What the task asks -
The full listing, returned exactly and free of pictures, is the expected answer.

Recorded data -
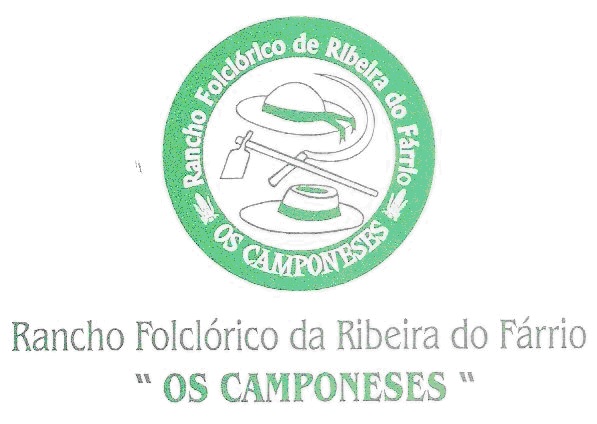 Os Camponeses0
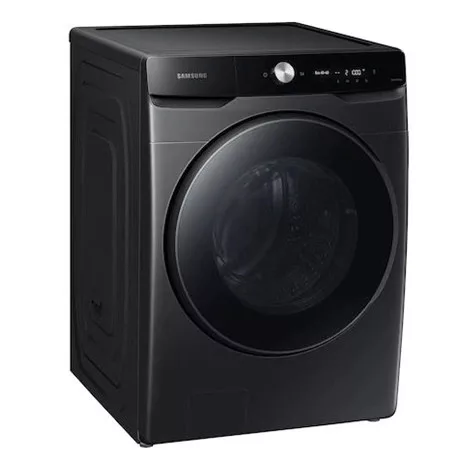 Samsung MOSÓGÉP ELÖLTÖLTŐS WF20DG8650BVU4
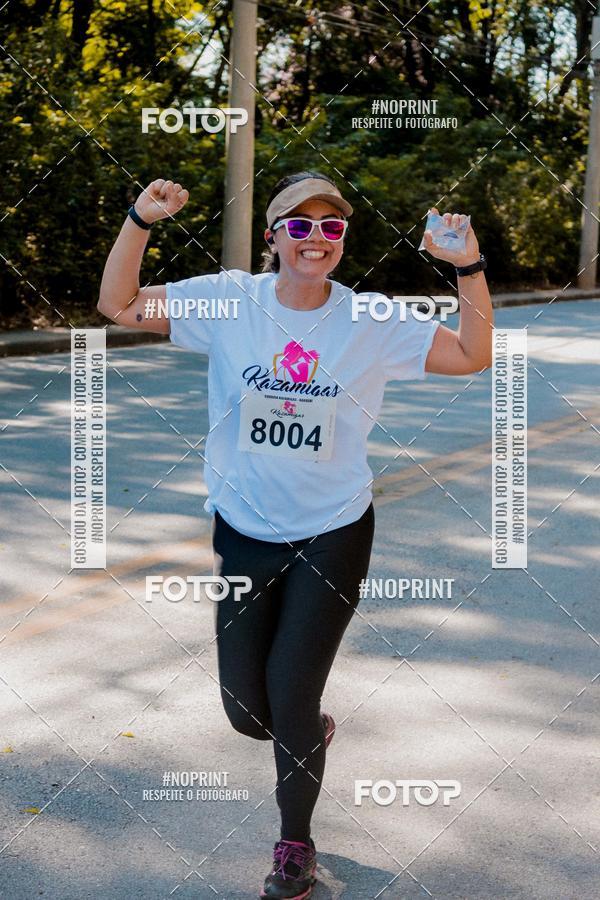 Acquista le foto dell'eventoCorrida Kazamigas 2019 - Barueri in Fotop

Solution to the exercise -
 Os Camponeses0
 Samsung MOSÓGÉP ELÖLTÖLTŐS WF20DG8650BVU4
 Acquista le foto dell'eventoCorrida Kazamigas 2019 - Barueri in Fotop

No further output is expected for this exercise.